Real-time validation matters more in LatAm than in mature markets, because event-driven spikes around football fixtures and tournaments are exactly when automated activity surges. Blocking invalid clicks before they are charged protects both the budget and the optimisation signals that platforms like Google and Meta rely on.

Want the key insights at a glance? Explore our infographic below for a snapshot of the latest LatAm sports betting market, including market growth, regulatory developments, country-by-country statistics, and the hidden impact of invalid traffic before diving into the full analysis.

The Bottom Line

Sports betting in Latin America is one of the strongest growth stories in global iGaming, driven by Brazil’s regulated launch and a wave of licensing across the region. The operators who win will treat acquisition efficiency as seriously as market entry, because rising competition and fraud erode margins faster than any single market can deliver them. Protect your campaigns from invalid traffic from day one with TrafficGuard for Sports Betting, or run the Click Fraud Calculator to see how much spend you could already be losing.

Frequently Asked Questions

How big is the sports betting market in Latin America in 2026?

The Latin American online gambling market is projected to reach around US$10.4 billion in revenue by 2030, growing at a compound annual rate of roughly 11.9% from 2025, according to Grand View Research. Sports betting is the largest single segment, accounting for more than half of regional revenue. Brazil is the dominant market, generating an estimated US$7.0 billion in 2025.

Which Latin American countries have legalised sports betting?

Colombia legalised online gambling, including sports betting, in 2016 and remains the regional pioneer. Brazil launched its regulated market on 1 January 2025 and is now the largest in the region. Peru has regulated online gambling under a national decree, Argentina regulates province by province, and Chile has a licensing regime in progress. Each market sets its own advertising rules, so operators must manage compliance country by country.

Why is Brazil considered the biggest sports betting opportunity in LatAm?

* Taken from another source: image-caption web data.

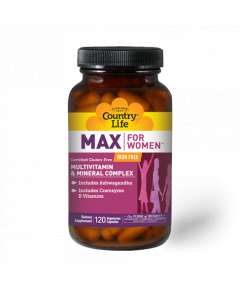 Country Life Max For Women Iron Free 120Capsules Supplement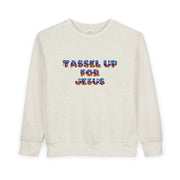 Tassel Up For Jesus Camo Toddler Sweatshirt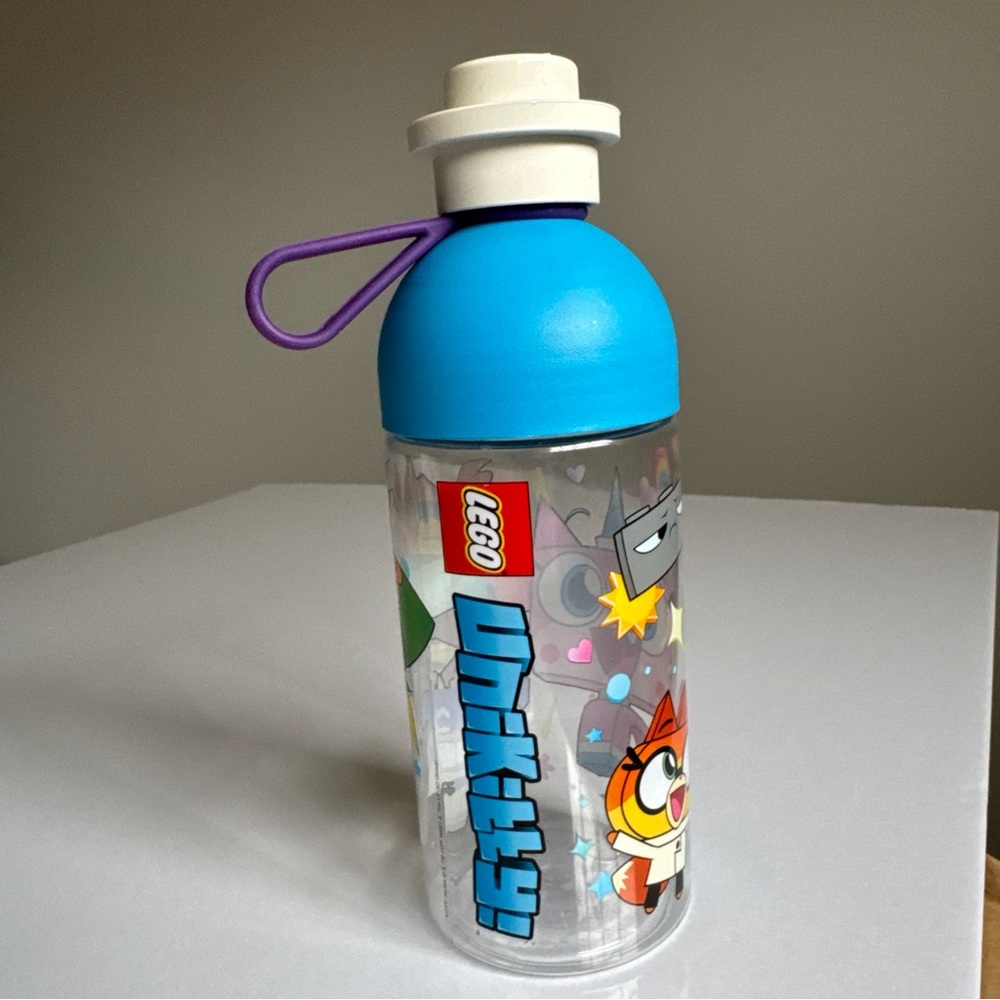 2018 Rare Retired Unikitty! Plastic Hydration Bottle 853791 LEGO 17 Oz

Brazil combines scale, regulation, and sports culture. Its regulated market opened in January 2025 and by 2026 counts 78 licensed operators running 138 brands, with around 39 million active online betting accounts. Gross gaming revenue is forecast to rise from about US$5.5 billion in 2025 to US$11.3 billion by 2030. Sports betting is the dominant product, making Brazil the reference point for any operator entering the region.

What is the biggest risk for marketers advertising sports betting in Latin America?

Beyond regulatory compliance, the most overlooked risk is invalid traffic. As regulated LatAm markets attract more operators, competition for users raises acquisition costs and draws in fraud. The sports betting industry averages an invalid traffic rate of around 17%, and TrafficGuard platform data shows that roughly 36% of paid sports betting traffic can be invalid, rising to 44% on some Tier 1 operator Search campaigns. This drains budgets and distorts the data used to optimise campaigns.

How much sports betting ad spend is lost to click fraud?

Statista estimates that around US$10.5 billion of digital ad spend in the sports betting industry could be lost to click fraud. On top of bot and fake-click activity, operators typically lose about 12% of spend to navigational clicks from returning users, and affiliate channels can see up to 25% of generated leads turn out to be fraudulent. Validating traffic in real time, before clicks are charged, is the most direct way to recover that spend.

Is mobile the main channel for sports betting in Latin America?

Yes. High smartphone penetration, expanding 4G coverage, and the rollout of 5G across markets such as Brazil and Chile have made mobile apps the default way LatAm bettors place wagers. This makes mobile acquisition the primary battleground for operators, and also the channel where fake installs and mobile ad fraud most need to be monitored.